Consume my heart away, sick with desire and fastened to a dying animal. (W.B. Yeats)
In Julian Barbour's world, every first date, every kiss, every senior prom, every marriage, every departing is repeated precisely and endlessly. Every hot dog at a baseball game will be eaten again and again. A teenager's coolness lasts forever. Couples meet and fall in love for the first time and their love never dies. They grow old together or become divorced. Or one watches the other become sick and waste into death. Gew gaws hanging from their crib, as infants they awaken to the bright world and it starts over. Sometimes during the night as middle aged men and women, they dimly recollect something, but life presses them forward and they forget.
It has all happened millions of times before, Earth, the cosmos, hot dogs, the World Series, Caesar's conquests, everything. Nothing changes. Time and motion are illusions, according to Julian Barbour.
Before dismissing Barbour, consider that common sense doesn't tell you that without Earth gravity you would hurtle off into space. It doesn't tell you that passing through your body each second are 400 trillion neutrinos, some left over from the Big Bang that created the universe.
Barbour understands the outrageousness of his ideas and has trouble accepting them himself. Still, reason has led him to his view. He believes that most theoretical physicists have ignored time.

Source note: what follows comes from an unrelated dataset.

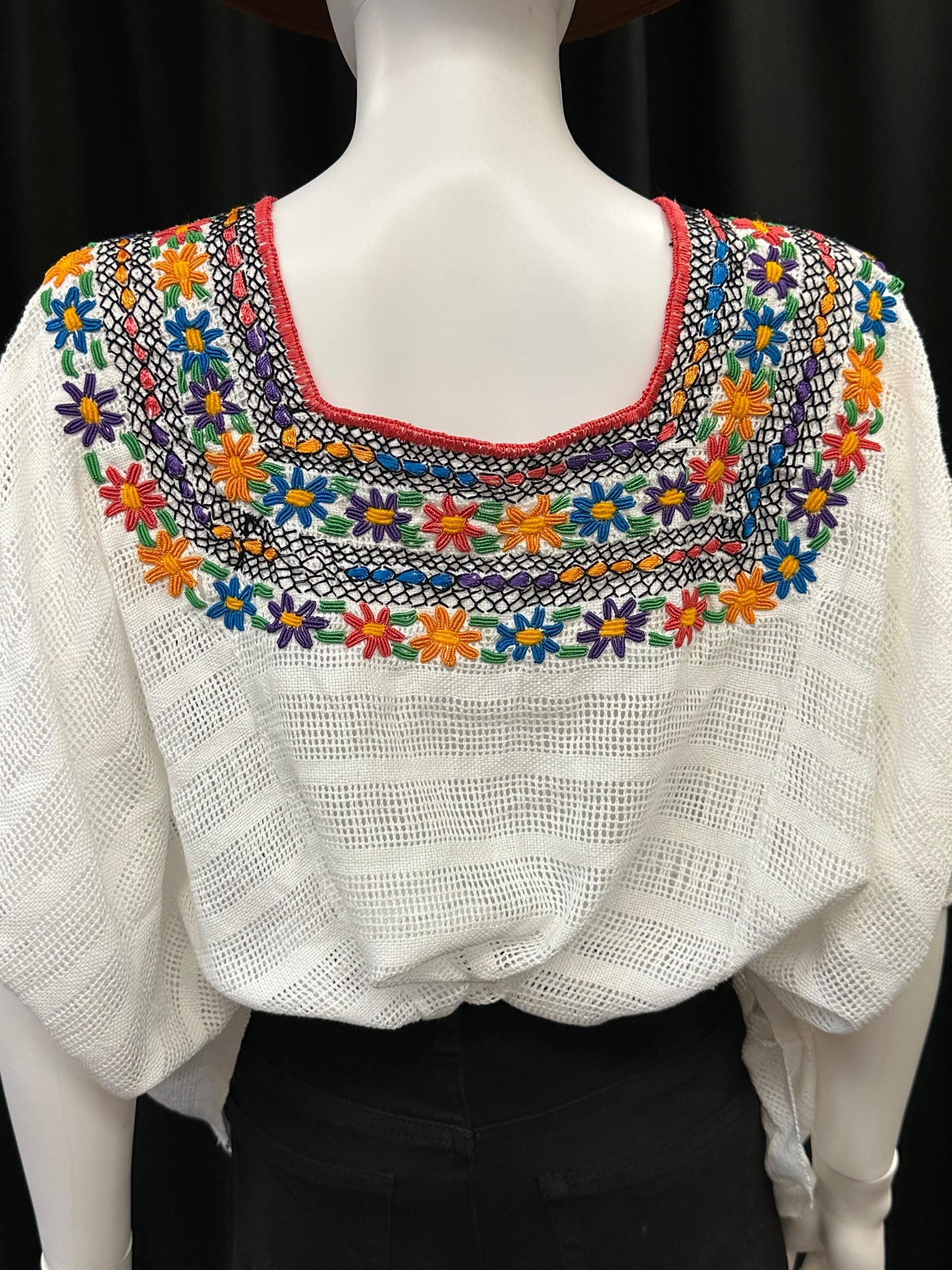 Guatemalan Handwoven Embroidered Floral Coban Huipil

His credentials are solid, and prominent physicists take him and his unconventional ideas seriously.
He lives in South Newington, twenty miles north of Oxford, and not far from the fields where little Alice Liddell played, the child who inspired Lewis Carroll's Alice in Wonderland. She will forever play there if Barbour is right. Today other children frolic in the fields.
The central problem in modern science is the disjuncture between the gravitational world, where we live, and the quantum mechanical world, with tiny particles. Barbour contends that the problem arises because physicists mistakenly take time as real for their purposes.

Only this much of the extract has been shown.